Although I don’t remember being read to by my parents, I do remember teachers reading to me in elementary school. Flushed after recess, I listened to their voices and saw movies in my mind. Being read to was a blessed break in the school day, and it ceased after Mrs. Lawrence in sixth grade. But in seventh grade, in the tiny school library, I discovered adventure novels about sled dogs, sports, and war. The writing of others quickened my imagination and inspired me to write my own stories. That year I was twelve, and I got hooked on writing.

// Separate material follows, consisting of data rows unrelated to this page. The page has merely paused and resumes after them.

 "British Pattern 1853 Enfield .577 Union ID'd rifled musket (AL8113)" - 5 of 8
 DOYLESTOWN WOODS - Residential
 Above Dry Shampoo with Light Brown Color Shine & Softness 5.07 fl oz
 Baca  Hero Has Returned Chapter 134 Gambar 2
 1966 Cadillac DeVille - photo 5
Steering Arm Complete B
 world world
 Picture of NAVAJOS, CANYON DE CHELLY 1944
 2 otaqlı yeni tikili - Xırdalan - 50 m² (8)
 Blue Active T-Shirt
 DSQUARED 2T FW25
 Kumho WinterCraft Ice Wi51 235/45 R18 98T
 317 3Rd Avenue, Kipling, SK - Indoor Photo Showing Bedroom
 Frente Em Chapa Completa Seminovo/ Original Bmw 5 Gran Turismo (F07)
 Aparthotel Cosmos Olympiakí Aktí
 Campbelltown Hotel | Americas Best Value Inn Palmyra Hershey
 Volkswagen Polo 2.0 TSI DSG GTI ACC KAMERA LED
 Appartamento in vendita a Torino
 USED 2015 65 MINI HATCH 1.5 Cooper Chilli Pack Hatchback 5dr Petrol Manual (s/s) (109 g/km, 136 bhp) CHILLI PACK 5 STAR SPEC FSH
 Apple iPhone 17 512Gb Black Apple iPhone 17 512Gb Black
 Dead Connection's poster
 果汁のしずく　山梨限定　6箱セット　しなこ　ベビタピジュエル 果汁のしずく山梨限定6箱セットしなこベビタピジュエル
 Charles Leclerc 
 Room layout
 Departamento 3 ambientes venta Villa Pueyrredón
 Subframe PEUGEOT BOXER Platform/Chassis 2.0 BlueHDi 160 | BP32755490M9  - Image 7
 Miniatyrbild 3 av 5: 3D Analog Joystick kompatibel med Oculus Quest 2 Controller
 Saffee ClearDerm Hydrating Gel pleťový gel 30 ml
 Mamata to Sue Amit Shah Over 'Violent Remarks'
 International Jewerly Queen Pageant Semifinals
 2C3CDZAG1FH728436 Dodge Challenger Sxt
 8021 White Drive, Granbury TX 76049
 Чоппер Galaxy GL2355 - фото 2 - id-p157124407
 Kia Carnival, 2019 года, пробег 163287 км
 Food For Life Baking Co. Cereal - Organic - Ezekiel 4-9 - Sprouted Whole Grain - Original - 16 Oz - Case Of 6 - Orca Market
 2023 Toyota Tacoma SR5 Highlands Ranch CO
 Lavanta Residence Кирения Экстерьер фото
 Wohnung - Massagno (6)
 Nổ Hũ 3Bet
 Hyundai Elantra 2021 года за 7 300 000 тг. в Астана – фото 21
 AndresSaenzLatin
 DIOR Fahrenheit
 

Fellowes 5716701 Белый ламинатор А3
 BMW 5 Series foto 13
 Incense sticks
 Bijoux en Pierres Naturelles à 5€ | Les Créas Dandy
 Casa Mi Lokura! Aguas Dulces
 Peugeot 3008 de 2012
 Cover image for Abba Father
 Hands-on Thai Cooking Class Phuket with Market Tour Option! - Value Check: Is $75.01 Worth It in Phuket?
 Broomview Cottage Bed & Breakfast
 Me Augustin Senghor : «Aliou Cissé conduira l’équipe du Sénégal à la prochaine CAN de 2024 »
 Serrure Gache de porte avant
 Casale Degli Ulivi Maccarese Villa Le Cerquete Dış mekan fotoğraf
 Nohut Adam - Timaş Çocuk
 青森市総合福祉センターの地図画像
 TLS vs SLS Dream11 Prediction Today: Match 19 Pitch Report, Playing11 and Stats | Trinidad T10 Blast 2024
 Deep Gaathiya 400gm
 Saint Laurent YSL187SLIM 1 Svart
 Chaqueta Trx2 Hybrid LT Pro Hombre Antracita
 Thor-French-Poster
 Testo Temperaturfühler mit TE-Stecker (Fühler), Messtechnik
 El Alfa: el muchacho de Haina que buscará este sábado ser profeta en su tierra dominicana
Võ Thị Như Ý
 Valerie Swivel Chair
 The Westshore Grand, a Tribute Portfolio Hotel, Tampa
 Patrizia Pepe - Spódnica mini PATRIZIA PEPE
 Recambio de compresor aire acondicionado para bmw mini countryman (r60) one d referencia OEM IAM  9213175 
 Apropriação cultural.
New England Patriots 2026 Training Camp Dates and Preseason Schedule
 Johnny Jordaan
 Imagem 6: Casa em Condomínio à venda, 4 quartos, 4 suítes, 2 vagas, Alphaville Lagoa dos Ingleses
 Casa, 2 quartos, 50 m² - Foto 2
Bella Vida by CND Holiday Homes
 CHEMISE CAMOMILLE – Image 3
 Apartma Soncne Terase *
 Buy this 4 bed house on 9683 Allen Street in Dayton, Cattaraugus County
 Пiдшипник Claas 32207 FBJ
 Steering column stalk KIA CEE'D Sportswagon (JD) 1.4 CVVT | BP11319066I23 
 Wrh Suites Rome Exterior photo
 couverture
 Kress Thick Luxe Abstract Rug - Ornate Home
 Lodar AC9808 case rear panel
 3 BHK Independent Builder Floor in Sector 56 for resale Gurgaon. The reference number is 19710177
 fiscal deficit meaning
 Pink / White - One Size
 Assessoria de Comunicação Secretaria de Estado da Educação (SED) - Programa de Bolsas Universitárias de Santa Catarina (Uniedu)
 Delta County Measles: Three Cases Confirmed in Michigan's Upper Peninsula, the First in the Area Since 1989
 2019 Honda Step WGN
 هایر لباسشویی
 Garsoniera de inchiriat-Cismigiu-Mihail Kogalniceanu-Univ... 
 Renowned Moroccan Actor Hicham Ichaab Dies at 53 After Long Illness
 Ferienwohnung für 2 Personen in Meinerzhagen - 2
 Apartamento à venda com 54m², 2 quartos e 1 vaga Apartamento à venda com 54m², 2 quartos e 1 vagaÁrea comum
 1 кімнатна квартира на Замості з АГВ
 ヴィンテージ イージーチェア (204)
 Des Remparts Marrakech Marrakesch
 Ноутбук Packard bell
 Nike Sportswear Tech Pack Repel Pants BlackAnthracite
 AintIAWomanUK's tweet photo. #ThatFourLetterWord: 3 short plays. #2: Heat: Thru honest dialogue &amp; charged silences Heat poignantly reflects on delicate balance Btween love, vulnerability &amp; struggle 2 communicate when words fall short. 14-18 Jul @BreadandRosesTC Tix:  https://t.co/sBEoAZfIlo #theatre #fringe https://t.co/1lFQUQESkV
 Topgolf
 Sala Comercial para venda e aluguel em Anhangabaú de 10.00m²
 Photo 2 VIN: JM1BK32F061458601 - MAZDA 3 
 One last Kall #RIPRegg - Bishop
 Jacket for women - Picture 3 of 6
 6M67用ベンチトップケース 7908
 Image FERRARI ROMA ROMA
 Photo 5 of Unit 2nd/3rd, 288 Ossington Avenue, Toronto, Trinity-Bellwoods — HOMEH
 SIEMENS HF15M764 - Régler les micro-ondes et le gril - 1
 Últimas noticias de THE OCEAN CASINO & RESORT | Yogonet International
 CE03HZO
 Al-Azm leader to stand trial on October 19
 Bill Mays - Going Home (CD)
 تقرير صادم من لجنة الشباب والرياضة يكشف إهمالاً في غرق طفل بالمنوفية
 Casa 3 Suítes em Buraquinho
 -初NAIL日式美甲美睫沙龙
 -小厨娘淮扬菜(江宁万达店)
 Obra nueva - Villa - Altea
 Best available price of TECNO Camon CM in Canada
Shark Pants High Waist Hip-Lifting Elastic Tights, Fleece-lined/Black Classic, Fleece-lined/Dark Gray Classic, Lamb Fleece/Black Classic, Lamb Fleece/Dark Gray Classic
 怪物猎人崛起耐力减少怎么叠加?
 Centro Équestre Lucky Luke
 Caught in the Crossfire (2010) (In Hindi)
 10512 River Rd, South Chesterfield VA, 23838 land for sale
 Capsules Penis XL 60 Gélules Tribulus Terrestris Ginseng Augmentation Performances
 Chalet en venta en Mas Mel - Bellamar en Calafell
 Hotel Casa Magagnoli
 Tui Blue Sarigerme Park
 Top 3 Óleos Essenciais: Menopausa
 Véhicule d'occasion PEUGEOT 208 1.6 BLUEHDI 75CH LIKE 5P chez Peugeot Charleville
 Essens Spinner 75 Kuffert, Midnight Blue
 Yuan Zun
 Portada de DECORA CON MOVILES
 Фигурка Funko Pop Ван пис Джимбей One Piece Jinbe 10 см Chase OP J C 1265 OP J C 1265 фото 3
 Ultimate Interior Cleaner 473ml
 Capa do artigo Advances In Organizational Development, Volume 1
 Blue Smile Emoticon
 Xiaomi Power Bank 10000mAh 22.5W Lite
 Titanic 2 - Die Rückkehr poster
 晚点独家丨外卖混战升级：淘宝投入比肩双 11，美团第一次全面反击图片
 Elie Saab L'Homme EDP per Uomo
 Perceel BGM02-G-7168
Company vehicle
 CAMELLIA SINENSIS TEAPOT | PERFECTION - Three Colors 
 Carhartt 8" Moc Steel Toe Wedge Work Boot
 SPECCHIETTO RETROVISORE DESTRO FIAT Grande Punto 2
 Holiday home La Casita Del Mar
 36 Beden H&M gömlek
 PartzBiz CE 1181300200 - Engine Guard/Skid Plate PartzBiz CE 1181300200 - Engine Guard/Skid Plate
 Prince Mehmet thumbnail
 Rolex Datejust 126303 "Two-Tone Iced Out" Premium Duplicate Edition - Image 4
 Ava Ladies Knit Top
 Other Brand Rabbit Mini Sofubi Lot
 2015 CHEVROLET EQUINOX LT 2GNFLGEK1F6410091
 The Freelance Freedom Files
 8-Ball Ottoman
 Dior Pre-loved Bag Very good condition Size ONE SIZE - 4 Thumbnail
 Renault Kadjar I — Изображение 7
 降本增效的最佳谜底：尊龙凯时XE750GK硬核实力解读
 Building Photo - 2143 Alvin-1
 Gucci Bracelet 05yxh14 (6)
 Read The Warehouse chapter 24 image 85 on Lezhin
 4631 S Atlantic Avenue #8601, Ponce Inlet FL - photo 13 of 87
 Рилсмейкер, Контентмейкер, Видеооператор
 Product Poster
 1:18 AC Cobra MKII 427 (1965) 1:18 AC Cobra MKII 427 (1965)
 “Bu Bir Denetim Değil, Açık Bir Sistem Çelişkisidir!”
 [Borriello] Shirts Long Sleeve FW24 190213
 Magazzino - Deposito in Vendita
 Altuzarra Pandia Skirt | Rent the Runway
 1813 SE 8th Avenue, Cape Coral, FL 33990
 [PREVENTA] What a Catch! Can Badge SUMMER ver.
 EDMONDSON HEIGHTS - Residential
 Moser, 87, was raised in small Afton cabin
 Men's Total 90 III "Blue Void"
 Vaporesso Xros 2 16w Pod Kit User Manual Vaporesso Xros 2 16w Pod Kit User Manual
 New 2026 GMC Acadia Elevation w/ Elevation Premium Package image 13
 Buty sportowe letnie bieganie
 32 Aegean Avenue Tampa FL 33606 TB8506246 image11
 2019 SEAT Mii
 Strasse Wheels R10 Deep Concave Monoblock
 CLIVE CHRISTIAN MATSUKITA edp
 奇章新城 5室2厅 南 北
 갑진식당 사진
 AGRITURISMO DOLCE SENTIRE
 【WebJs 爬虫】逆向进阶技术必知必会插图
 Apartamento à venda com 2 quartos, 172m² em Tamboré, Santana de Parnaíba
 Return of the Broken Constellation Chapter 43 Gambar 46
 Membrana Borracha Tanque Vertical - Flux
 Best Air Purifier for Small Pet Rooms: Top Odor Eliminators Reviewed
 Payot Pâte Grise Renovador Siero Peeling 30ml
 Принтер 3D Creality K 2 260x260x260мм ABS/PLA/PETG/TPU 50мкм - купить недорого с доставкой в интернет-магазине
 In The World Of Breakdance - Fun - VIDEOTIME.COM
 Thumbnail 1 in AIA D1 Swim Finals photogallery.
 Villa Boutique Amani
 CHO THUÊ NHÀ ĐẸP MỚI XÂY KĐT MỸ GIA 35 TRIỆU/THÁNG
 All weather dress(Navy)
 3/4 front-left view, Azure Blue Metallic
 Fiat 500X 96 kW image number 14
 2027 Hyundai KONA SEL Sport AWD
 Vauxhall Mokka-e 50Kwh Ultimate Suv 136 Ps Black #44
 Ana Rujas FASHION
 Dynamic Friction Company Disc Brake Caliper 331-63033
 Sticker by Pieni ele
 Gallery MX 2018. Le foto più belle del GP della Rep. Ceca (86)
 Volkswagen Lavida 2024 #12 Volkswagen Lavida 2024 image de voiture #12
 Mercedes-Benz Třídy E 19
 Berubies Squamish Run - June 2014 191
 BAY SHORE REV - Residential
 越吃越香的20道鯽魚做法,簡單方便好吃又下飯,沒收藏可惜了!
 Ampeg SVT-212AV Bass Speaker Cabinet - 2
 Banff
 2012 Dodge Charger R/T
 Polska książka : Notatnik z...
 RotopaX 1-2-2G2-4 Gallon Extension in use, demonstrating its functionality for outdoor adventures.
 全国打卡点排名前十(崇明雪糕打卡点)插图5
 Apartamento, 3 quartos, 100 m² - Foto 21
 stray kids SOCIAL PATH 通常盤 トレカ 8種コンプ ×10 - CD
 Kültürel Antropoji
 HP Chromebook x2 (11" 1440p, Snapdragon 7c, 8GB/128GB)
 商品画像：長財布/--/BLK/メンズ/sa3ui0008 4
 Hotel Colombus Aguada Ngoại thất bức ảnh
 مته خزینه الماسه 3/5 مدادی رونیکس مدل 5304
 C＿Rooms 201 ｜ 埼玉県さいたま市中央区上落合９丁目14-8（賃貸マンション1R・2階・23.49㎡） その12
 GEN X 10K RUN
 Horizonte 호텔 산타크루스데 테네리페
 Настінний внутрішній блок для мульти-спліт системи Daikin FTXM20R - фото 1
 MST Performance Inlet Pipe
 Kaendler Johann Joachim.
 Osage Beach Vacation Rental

My classmate Jackie and I needed to fill the time in back-to-back study halls at the end of the school day. We began to write adventures in which we cast ourselves and our friends as characters. I reveled in creating these imagined, improbable stories. In the space of one study hall period, I wrote several pages in my blue-lined, college-ruled notebook, solid ink from left margin to right with nary a paragraph. We’d read models of the genre we wanted to write. We had topic choice. We had time. The words poured out. Even if I had to drop the pen to flex my fingers now and then, the act of writing was fulfilling—a different fulfillment, certainly, from stabbing a grounder bounding down the third baseline, but making sentences, pushing forward with them to tell a story, was satisfying nevertheless. If I kept fearlessly heading down the page, one word magically led to the next.

It was linguistic wizardry. I could transform an empty page into a voice that conjured images, thoughts, plots, and emotions. That experience changed my life. Fast on the heels of the fulfilling inward experience of writing was an unexpected outward one. In addition to models, topic choice, and time, we had an audience. Jackie and I traded stories and read with glee. We passed our stories to friends sitting around us. They looked up from the page with grins. They nodded their heads. They wrote us notes. In writing our stories, we transcended the dull world of study hall. When we shared those stories—when we published them—we saw that we affected others. And we didn’t have to speak a word. Silently we wrote and then our words triggered voices in the minds of those who read what we’d written.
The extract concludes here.